─── Dataset excerpts
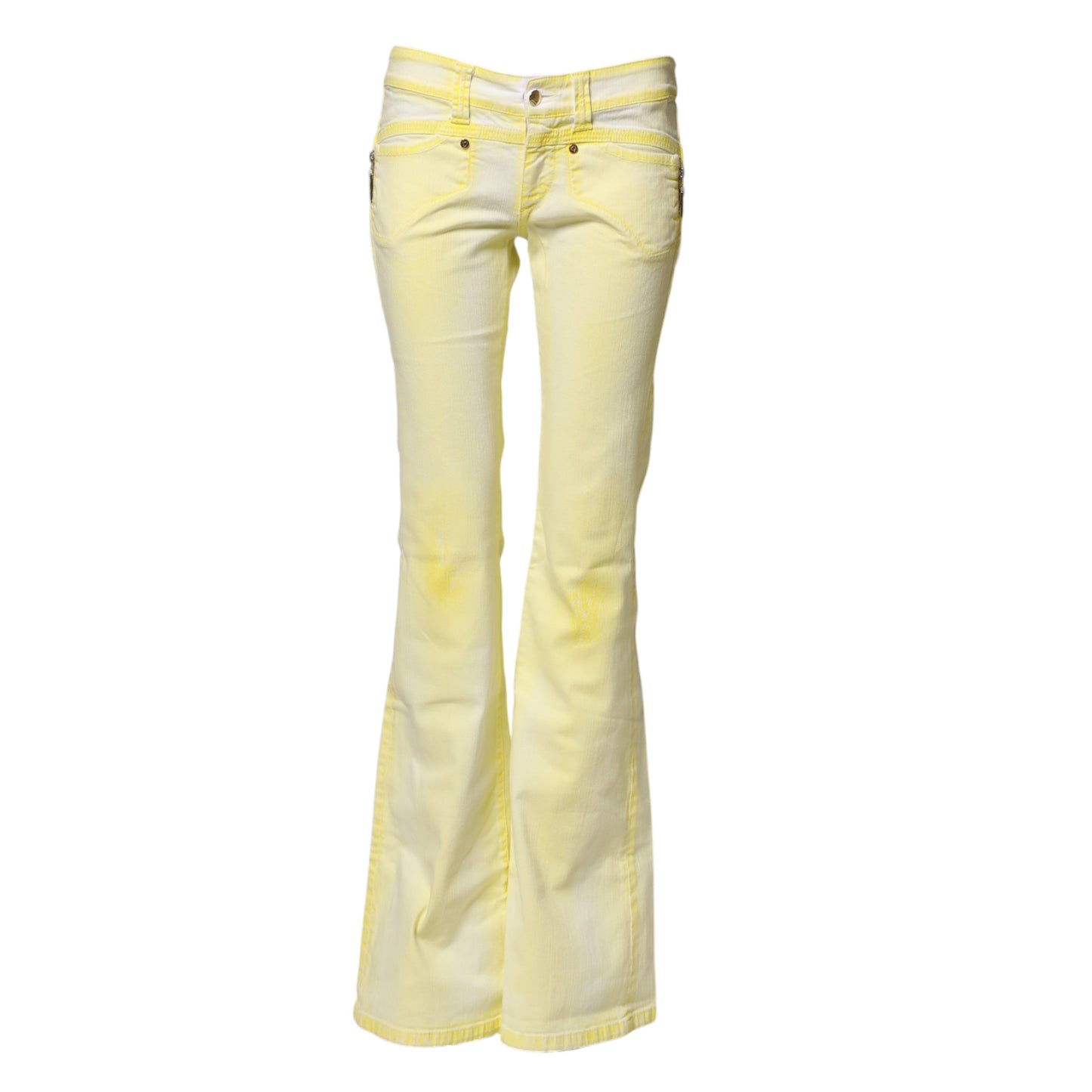 S.O.S Yellow Cotton Bootcut Low Waist Denim Trouser Jeans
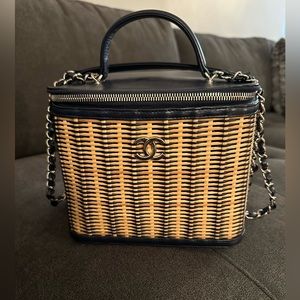 Chanel Rattan calfskin vanity case navy blue AUTHENTIC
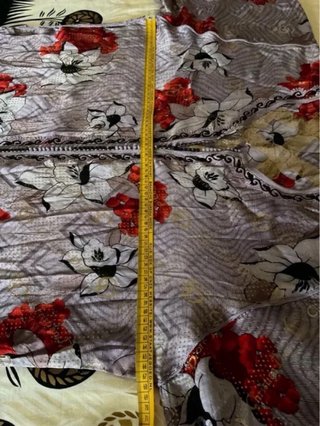 Caftano donna lilla fantasia floreale Vintage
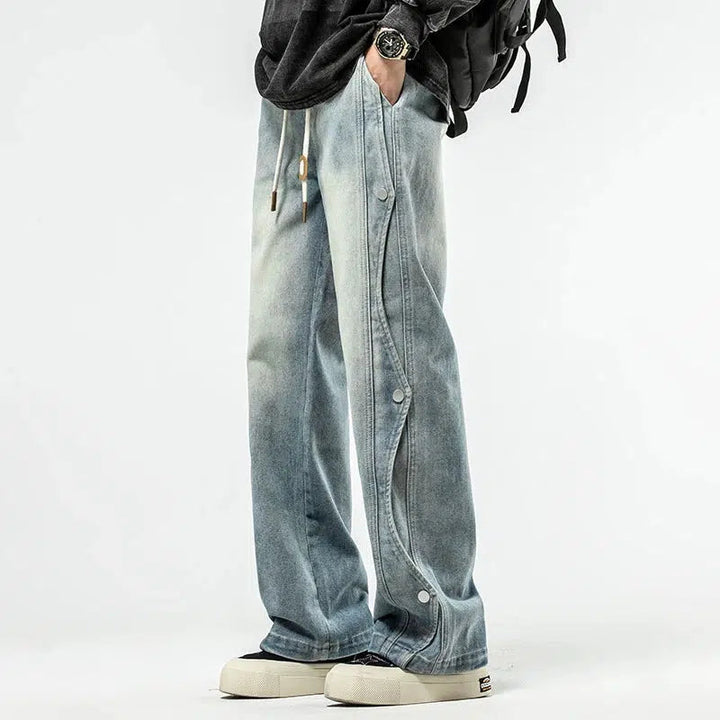 Washed Side-button Drawstring Jeans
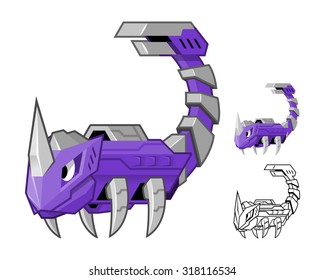 Robot Scorpion Cartoon Character Include Flat Design and Outlined Version Vector Illustration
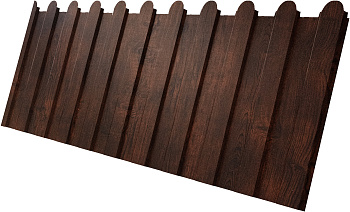 Профилированный лист GL C8 A, фигурный, 0.4 мм, Print Premium, Cherry Wood Fresh TwinColor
──────
__Task details__. Pictures excluded, return exactly the lines from the one with "Washed Side-button Drawstring Jeans" through the final line of the entries above, both included.

__Finished exercise__.
 Washed Side-button Drawstring Jeans
 Robot Scorpion Cartoon Character Include Flat Design and Outlined Version Vector Illustration
 Профилированный лист GL C8 A, фигурный, 0.4 мм, Print Premium, Cherry Wood Fresh TwinColor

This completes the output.